**ABOUT THIS TASK:**
Set the pictures aside and return each record below precisely as written.

**DATASET EXTRACT:**
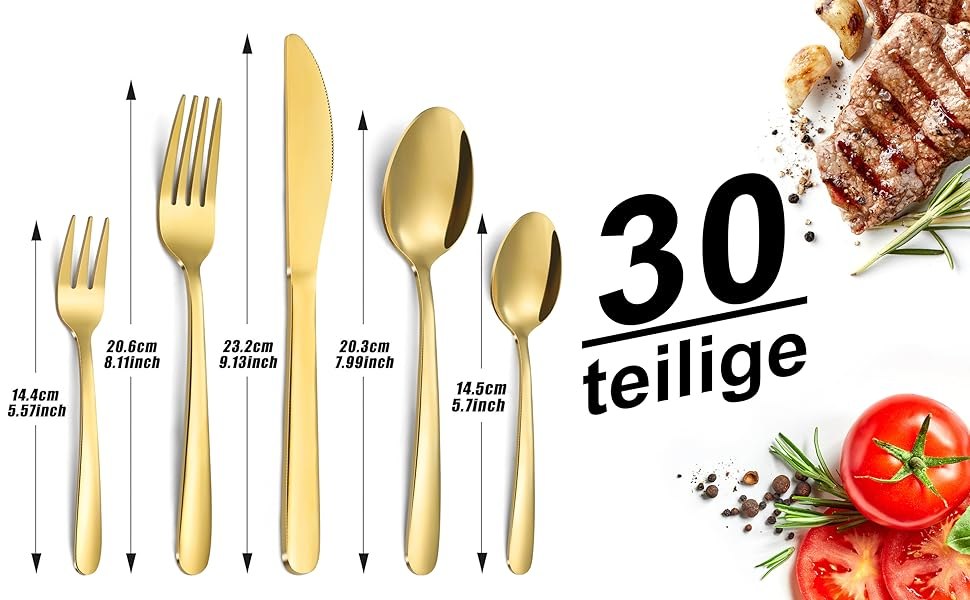 Zestaw sztućców, 6-osobowy zestaw sztućców, sztućce, 30-częściowy zestaw sztućców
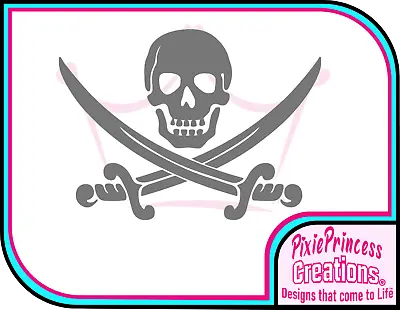 £3.95 • Buy Pirates B Skull Cross Bones Vinyl Sticker Car Truck Wall Window Home Decor Decal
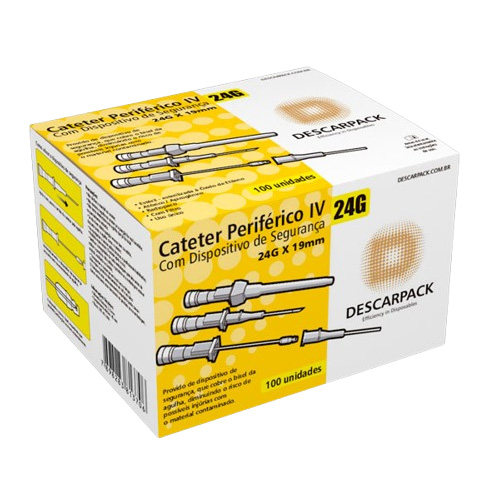 CATETER DISPOSITIVO DE SEGURANCA 24G AMARELA DESCARPACK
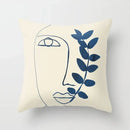 Ljojo Minimal Line Abstract Sun Pattern Plush Pillow Case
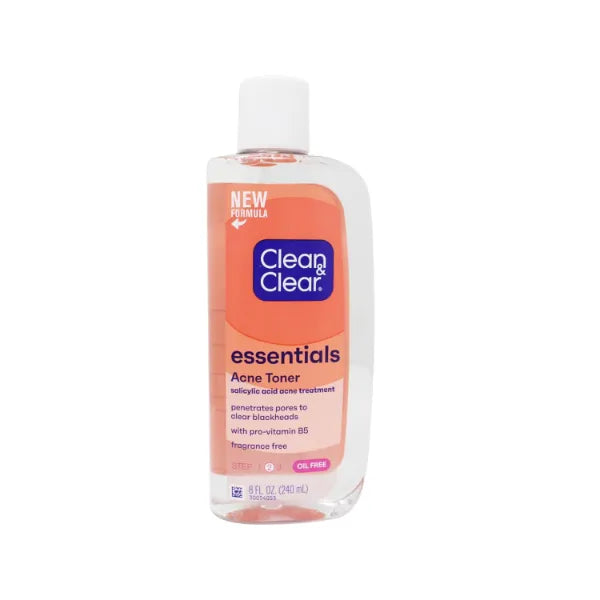 Clean & Clear Essentials Oil Free Deep Cleaning Facial Astringent with Salicylic Acid Acne Medication for All Skin Types, 8 fl. oz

**YOUR RESPONSE:**
 Zestaw sztućców, 6-osobowy zestaw sztućców, sztućce, 30-częściowy zestaw sztućców
 £3.95 • Buy Pirates B Skull Cross Bones Vinyl Sticker Car Truck Wall Window Home Decor Decal
 CATETER DISPOSITIVO DE SEGURANCA 24G AMARELA DESCARPACK
 Ljojo Minimal Line Abstract Sun Pattern Plush Pillow Case
 Clean & Clear Essentials Oil Free Deep Cleaning Facial Astringent with Salicylic Acid Acne Medication for All Skin Types, 8 fl. oz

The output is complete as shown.